Dollar cheered by rising US yields as risk appetite grows

Jock Fistick | Bloomberg via Getty Images

The dollar surged to nearly two-month highs against the yen on Tuesday as risk appetite improved following the French election and investors focused on monetary policy and potential upcoming Federal Reserve interest rate hikes.

U.S. benchmark 10-year Treasury yields hit five-week highs, with rate futures pricing in close to a 90 percent chance of an interest rate increase next month. Yields on U.S. two-year notes, the tenor most sensitive to rate hike expectations, also advanced on Tuesday, climbing to eight-week peaks.

The dollar index, tracking the greenback's value against six major currencies, rose to a three-week high, in line with the gains in yields.

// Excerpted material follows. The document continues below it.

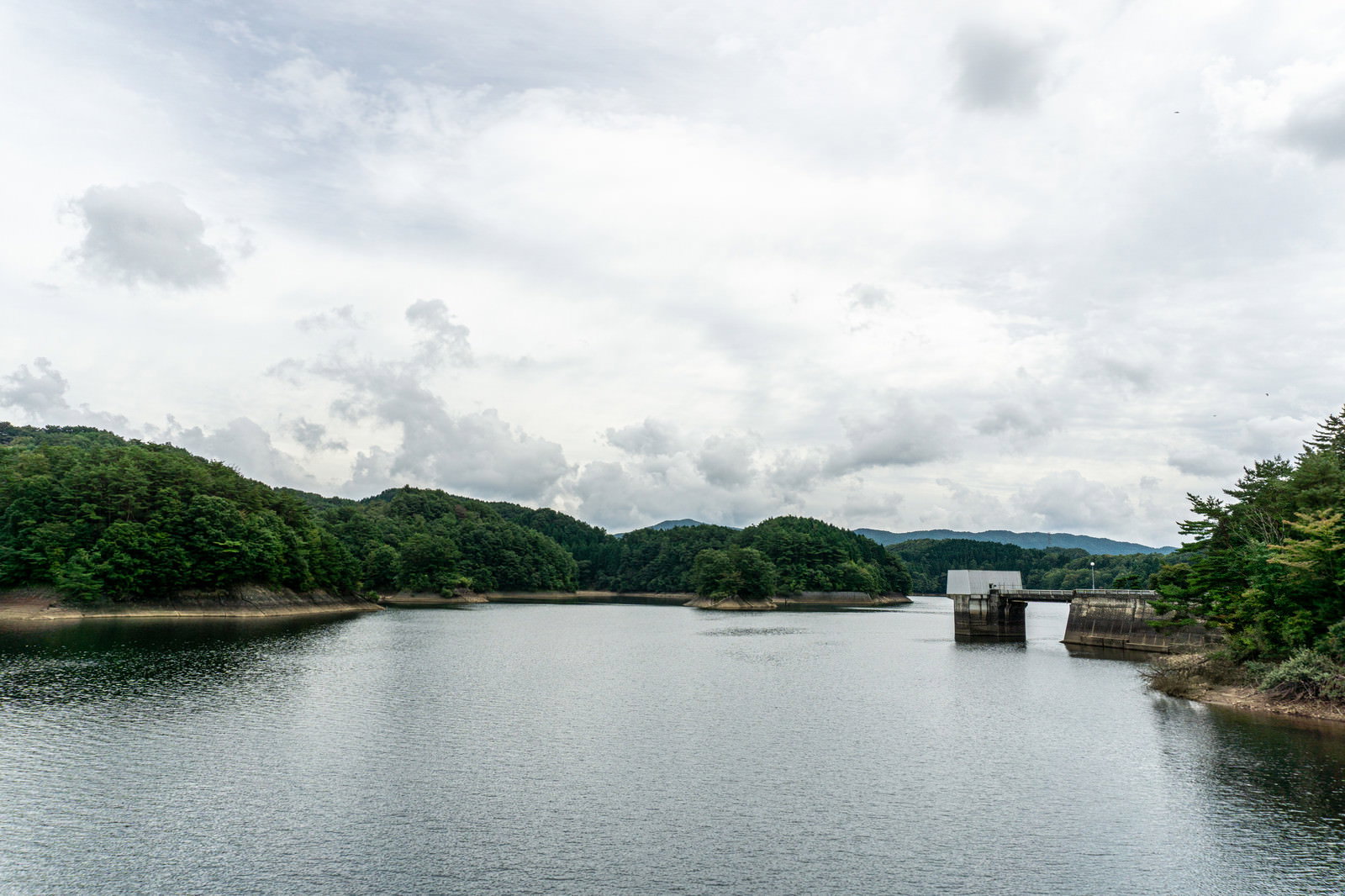 厚い雲に覆われた空の下に静かに広がる黒田湖の風景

What's influencing the euro

"While the U.S. economy saw a marked deceleration in the first quarter, the overall outlook remains solid and the Fed is still widely expected to raise U.S. lending rates in June and
likely again in September," said Omer Esiner, chief market analyst, at Commonwealth Foreign Exchange in Washington.

The interest rate premium investors receive for holding dollar 10-year government bonds instead of their equivalents rose to its highest since the end of March overnight.

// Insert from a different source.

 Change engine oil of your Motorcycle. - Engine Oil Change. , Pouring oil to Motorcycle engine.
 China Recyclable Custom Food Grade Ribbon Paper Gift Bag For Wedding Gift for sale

In late morning trading, the dollar was up 0.88 percent against the yen at 114.25 yen , after earlier hitting its highest level since mid-March. The euro also rose against the yen, up 0.39 percent at 124.16 yen.

The Swiss franc, another currency with firmly negative interest rates as well as a central bank actively seeking to weaken it with market intervention, fell to its lowest against the euro since mid-October. It was down just over 2 percent against the euro over the last two weeks, compared to an almost 3 percent fall in the dollar.

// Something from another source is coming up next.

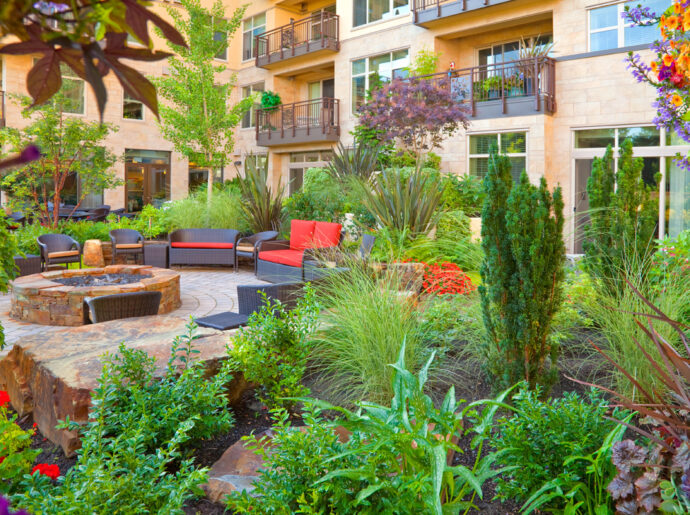courtyard garden view with lush landscaping, comfortable seating, water feature, fire pit, trees and big blue sky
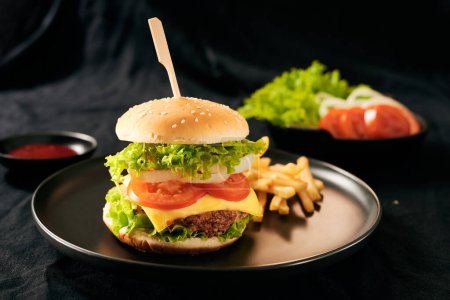 Photo for Homemade burger and cheese with fries - Royalty Free Image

The euro was last up 0.4 percent at 1.0952 francs, while the dollar rose 0.8 percent to 1.0068 francs.

Market measures of volatility for euro-dollar rates have hit their lowest in three years in the past week and Deutsche Bank strategist Oliver Harvey warned in a note on Tuesday of the risks of a turn in that trend.

Where the euro is headed

"One of the main themes this year has been the fall in vol ... but there are increasing signs a turning point is close," he said, pointing to the risks of downbeat signals on global growth
and the chances of the Fed outpacing expectations on future policy moves.

The euro dipped back below $1.09, down 0.35 percent, falling from six-month highs hit after Emmanuel Macron's victory in the French presidential election on Sunday.